O preço definido para a última faixa reajustável (59 anos ou mais, pois o Estatuto do Idoso proíbe aumento acima de 60 anos) pode ser até seis vezes maior do que o valor da primeira faixa (0 a 18 anos). Já a variação entre a sétima e a décima faixas não pode ser superior aos aumentos acumulados entre as sete primeiras.
A partir de dados públicos da ANS, relativos a 3.527 planos comercializados por 468 operadoras, o Blog Política&Saúde estabeleceu uma base de cálculo para a estimativa do valor das mensalidades, no momento da mudança de faixa etária.
Foram consultados os preços comerciais médios, praticados em dezembro de 2021, para cada uma das dez faixas.
Calculou-se, então, o porcentual do aumento entre as faixas. Além da variação gradativa de uma faixa à outra, foram considerados os 15,5% do reajuste anual recém autorizado.
Ao fim, obteve-se a estimativa do “reajuste acumulado” e o valor médio das mensalidades estimado para 2022.
Quem muda de faixa etária paga, no final das contas, dois reajustes: o anual, linear, de 15,5%, e o aumento por ter ficado mais velho.
No caso do grupo de pessoas que, em 2022, completar 59 anos de idade, o rombo real no bolso será de 43,1% de aumento, em média. A surpresa é amarga também nas três faixas anteriores, para quem completar 44 anos (34,5% de aumento), 49 anos (36,7%) e 54 anos (37,8%).
Não é possível estimar os aumentos dos planos coletivos em 2022, que representam 80% do mercado e cujos reajustes não são regulamentados pela ANS.
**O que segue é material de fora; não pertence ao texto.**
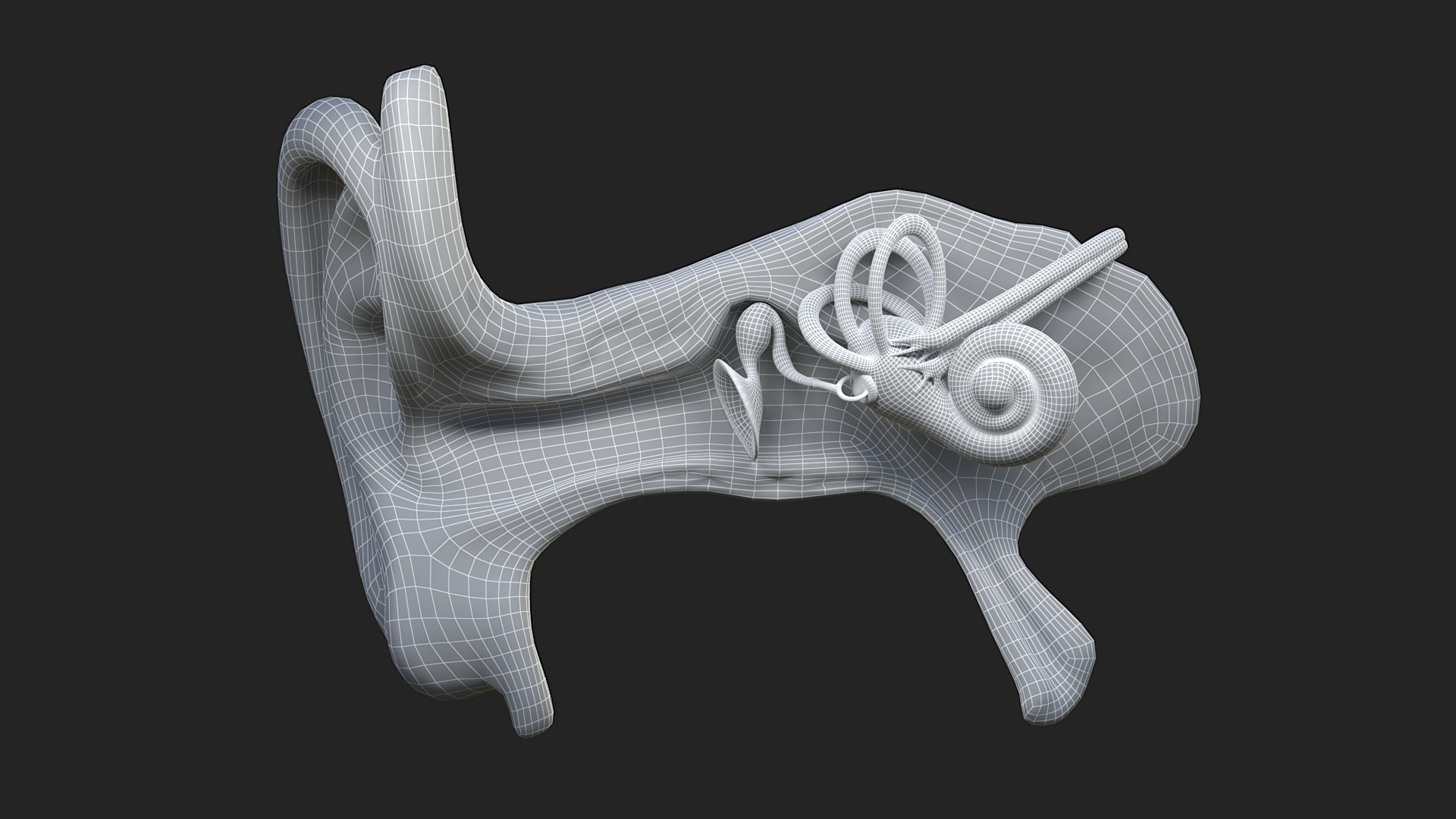 modelo 3d Anatomía del oído - TurboSquid 1957295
Embora o valor médio da mensalidade dos planos de adesão e empresariais seja menor que o dos individuais, os porcentuais de reajustes, em muitos casos, são mais elevados, motivo de crescente judicialização.
Efeito inclemente das regras atuais é o alto valor reservado para as últimas faixas etárias.
Quem tem plano individual e completa 59 anos em 2022, somando o reajuste anual, vai pagar R$ 2.640 por mês, em média. Já a partir dos 44 anos o preço médio mensal de um plano privado será superior a R$ 1.000.
Menos de 20% dos brasileiros com mais de 60 anos – cerca de 7,4 milhões – estão hoje vinculados à assistência suplementar, proporção que vem caindo a cada ano, pois muitas pessoas são “expulsas” do plano de saúde. A mensalidade chega a dobrar de valor no momento da vida em que a renda pode cair até pela metade.
A solidariedade geracional, em que jovens ajudam a financiar os gastos da população que envelhece, a lógica da previdência e dos seguros, foi abandonada.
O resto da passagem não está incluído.